The QR Decomposition#

Orthogonal matrices#

Let \(Q \in \mathbb{R}^{n \times n}\). The matrix \(Q\) is called orthogonal if \(Q^TQ = I\), where \(I\) is the identity matrix. This definition implies that all rows and columns of \(Q\) are of unit length and are mutually orthogonal.

The significance of orthogonal transformations lies in their ability to preserve angles and the 2-norm. To understand this, consider the standard Euclidean inner product, defined as \(\langle x, y \rangle := y^Tx\) for vectors \(x, y \in \mathbb{R}^n\).

Now, observe the effect of an orthogonal transformation \(Q\) on this inner product:

\[ \langle Qx, Qy \rangle = (Qx)^T(Qy) = x^TQ^TQy = x^TIy = \langle x, y \rangle. \]

This equation shows that the inner product (and thus the angle) between \(x\) and \(y\) is preserved after applying the orthogonal transformation \(Q\).

Furthermore, the preservation of the 2-norm under orthogonal transformations can be seen as follows:

\[ \|Qx\|_2^2 = \langle Qx, Qx \rangle = x^TQ^TQx = x^Tx = \|x\|_2^2. \]

This demonstrates that a vector’s 2-norm (or length) is unchanged when multiplied by an orthogonal matrix.

QR Decomposition via Gram-Schmidt Orthogonalisation#

Consider a matrix \(A \in \mathbb{R}^{m \times n}\) with \(m \geq n\). The aim is to orthogonalise the columns of \(A\). This process is achieved through the Gram-Schmidt orthogonalisation method.

Algorithm 1 (Gram-Schmidt Orthogonalisation)

Inputs \(A \in \mathbb{R}^{m \times n}\)

Outputs \(Q, R \in \mathbb{R}^{m \times n}\)

  • Let \(\tilde{q}_1\) be the first column \(a_1\) of \(A\) and normalize \(\tilde{q}_1\) to obtain \(q_1\), defined as:

    \[\begin{split} \begin{aligned} \tilde{q}_1 &:= a_1,\\ q_1 &:= \frac{\tilde{q}_1}{\|\tilde{q}_1\|_2} \end{aligned} \end{split}\]
  • For \(k\) in \(\{2, \ldots, n\}\):

    • To compute column \(q_k\), orthogonalize column \(a_k\) against all previous \(q_j\) (for \(j = 1, \ldots, k-1\)):

    \[\begin{split} \begin{aligned} \tilde{q}_k &:= a_k - \sum_{j=1}^{k-1}\langle a_k, q_j \rangle q_j,\\ q_k &:= \frac{\tilde{q}_k}{\|\tilde{q}_k\|_2}. \end{aligned} \end{split}\]

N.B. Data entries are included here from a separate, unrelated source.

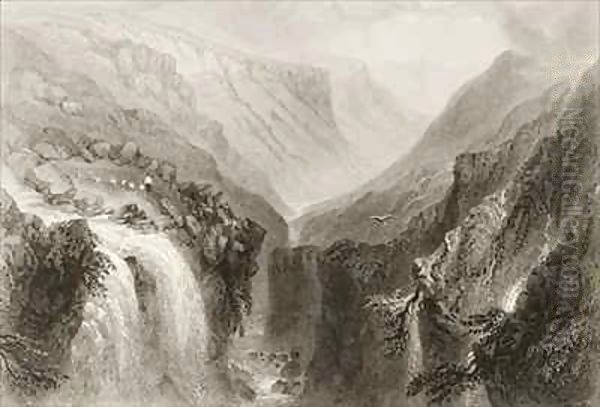 Head of Glenmalure, County Wicklow Oil Painting by William Henry Bartlett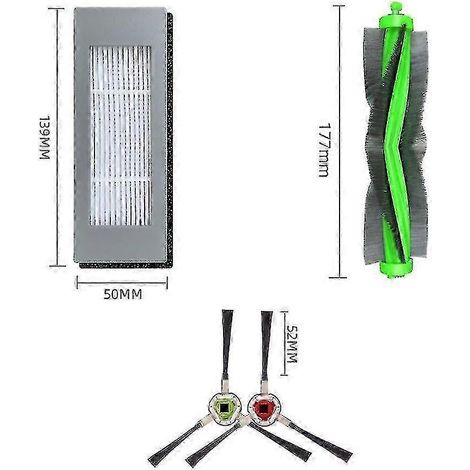 11 piezas para iRobot Roomba Combo 113 R113840 Cepillo principal Filtro HEPA Edición 0617 (1/4)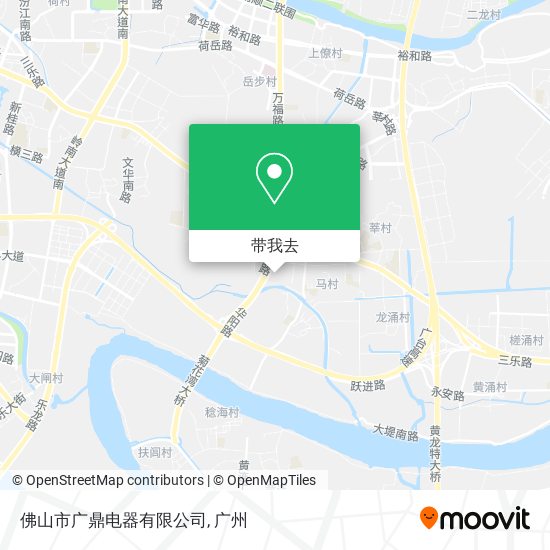 佛山市广鼎电器有限公司地图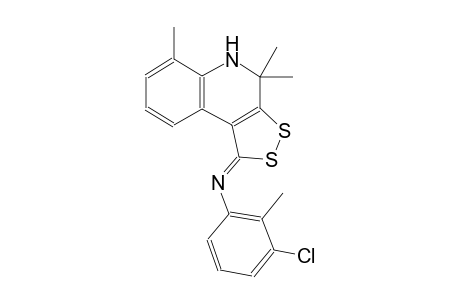 3-chloro-2-methyl-N-[(1Z)-4,4,6-trimethyl-4,5-dihydro-1H-[1,2]dithiolo[3,4-c]quinolin-1-ylidene]aniline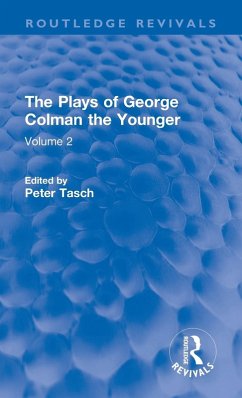 Cover The Plays of George Colman the Younger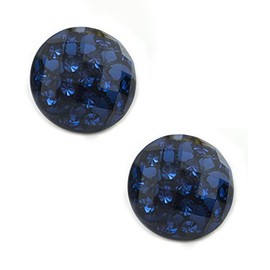 HAND® No.040 Midnight Blue Luxurious Fashion Crystal Buttons 20 mm Diameter - Pack of 2
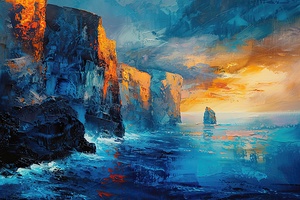 Azure Cliffs Sunset H2N9P2 65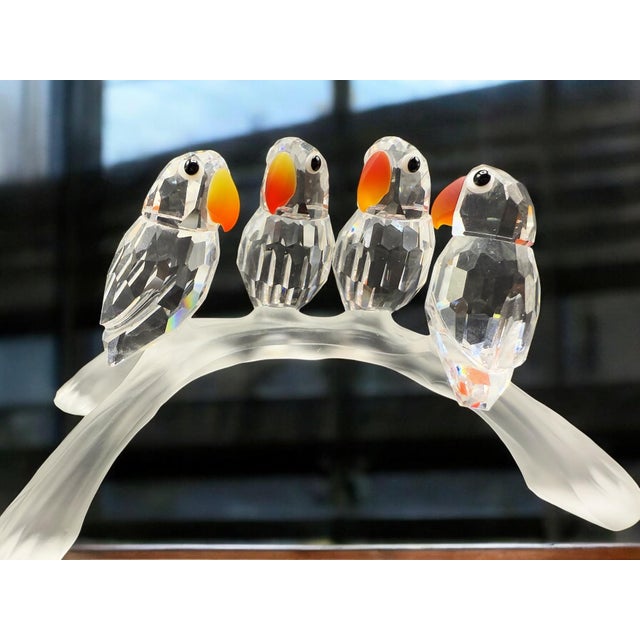Black Statuetta Baby Lovebirds by Swarovski, 2000s For Sale - Image 8 of 14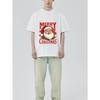 Merry Christmas Santa Claus Print T Shirt Black Holiday Party Casual Wear Men's Summer Top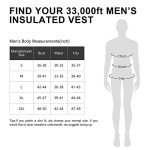Men's Lightweight Packable Insulated Puffer Vest - Black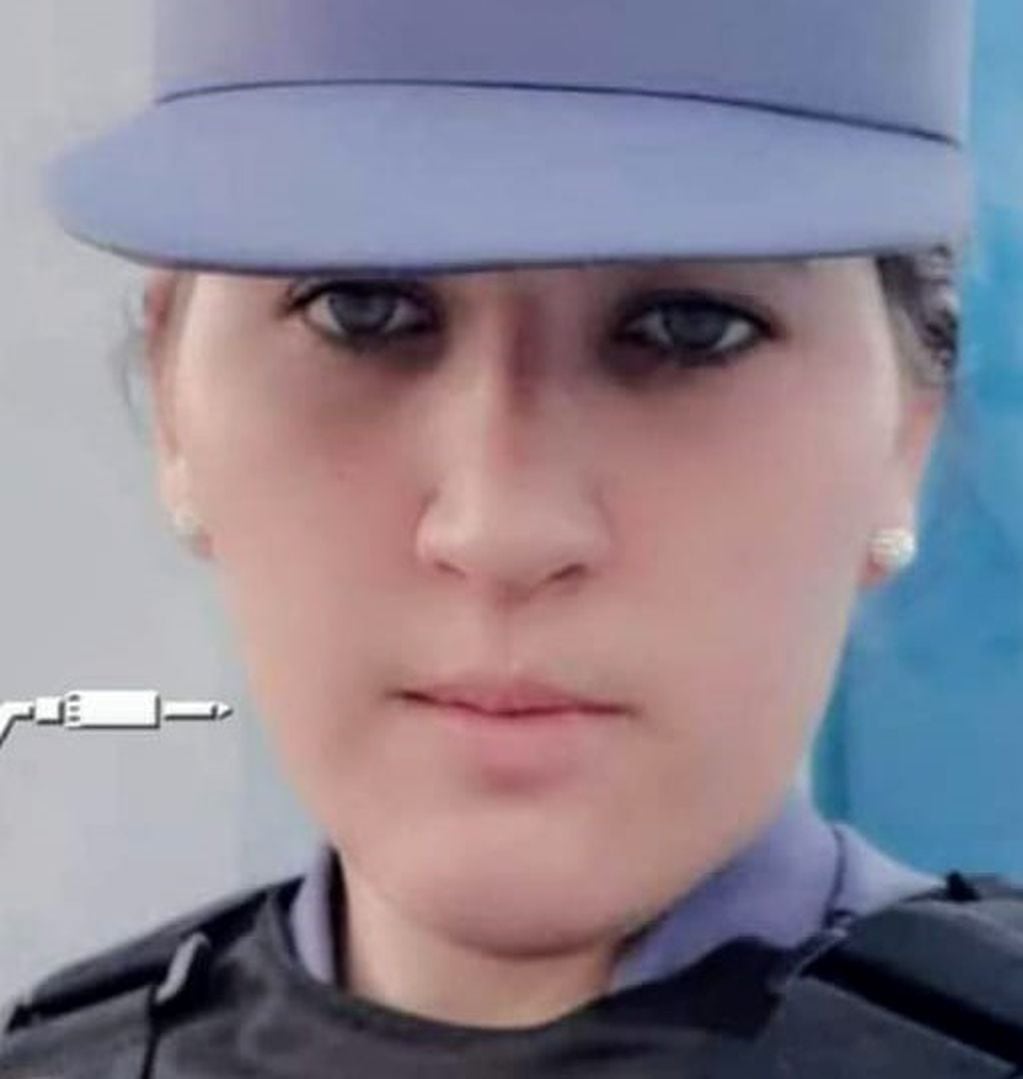 Gabriela Celes, la agente de la policía de Formosa que falleció al perder el control de la moto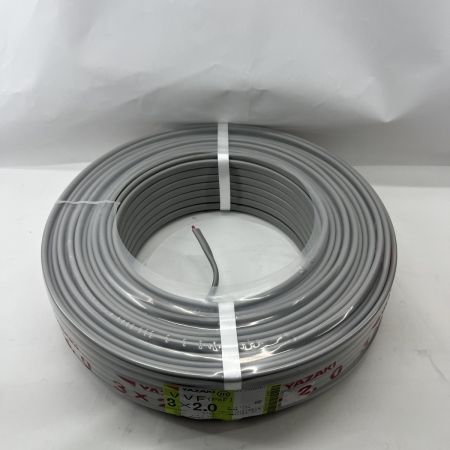  YAZAKI  電材 VVFケーブル 3芯 3× 2.0 PbF 100m 未開封品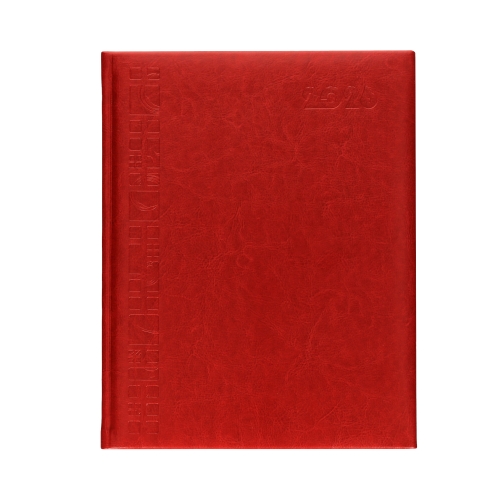 Kalendarz książkowy A4 Lux- C czerwony tygodniowy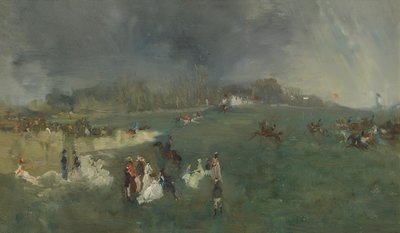 Wyścigi konne autorstwa James Abbott McNeill Whistler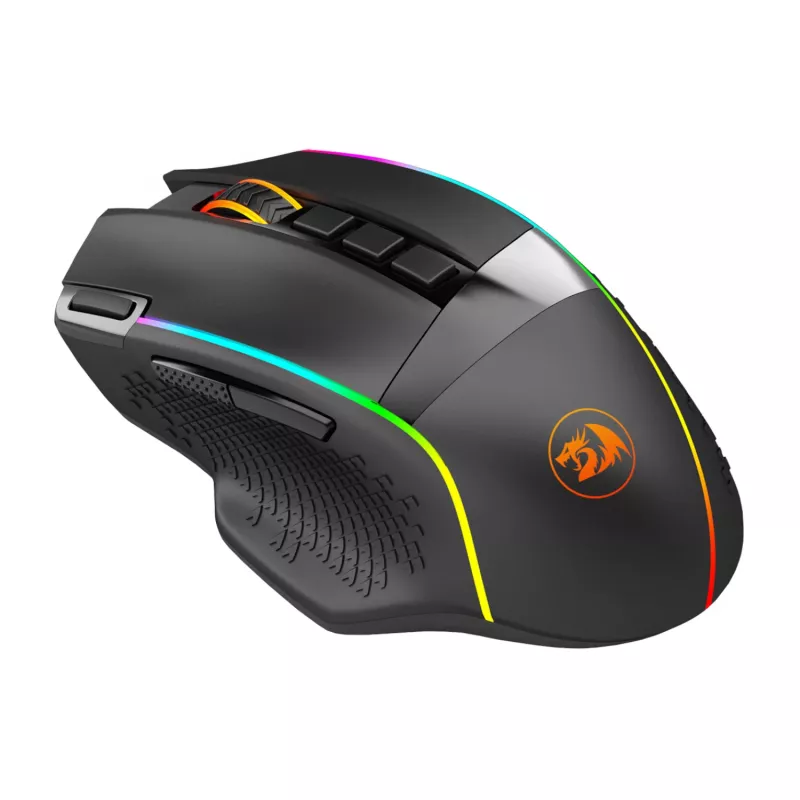 Redragon M991 RGB PRO ENLIGHTENMENT 26000 DPI Tri-Mode bezvadu spēļu pele - Melna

Matrix Decomposition Representation#

The Gram-Schmidt procedure can be expressed as a matrix decomposition:

  • For each column \(a_k\) of \(A\), we have:

    \[ a_k = \|\tilde{q}_k\|_2 q_k + \sum_{j=1}^{k-1}\langle a_k, q_j \rangle q_j \]
  • Hence, the matrix \(A\) can be decomposed as \(A = QR\) where:

    • \(Q = \begin{bmatrix} q_1, \ldots, q_n \end{bmatrix}\) is a matrix with orthogonal columns.

    • \(R\) is an upper triangular matrix defined as:

      \[\begin{split} R = \begin{bmatrix} \|\tilde{q}_1\|_2 & \langle a_2, q_1 \rangle & \ldots & \langle a_n, q_1 \rangle \\ & \|\tilde{q}_2\|_2 & \ddots & \vdots \\ & & \ddots & \langle a_n, q_{n-1} \rangle \\ & & & \|\tilde{q}_n\|_2 \end{bmatrix} \end{split}\]

Fact: QR Decomposition

Given \(A \in \mathbb{R}^{m \times n}\) with \(m \geq n\), a QR decomposition of \(A = QR\) exists, where \(Q\) is an \(m \times n\) orthogonal matrix satisfying \(Q^TQ = I\) and where \(R\) is an \(n \times n\) upper triangular matrix. If \(A\) has a full rank, then the QR decomposition is unique if we require the diagonal elements of \(R\) to be positive.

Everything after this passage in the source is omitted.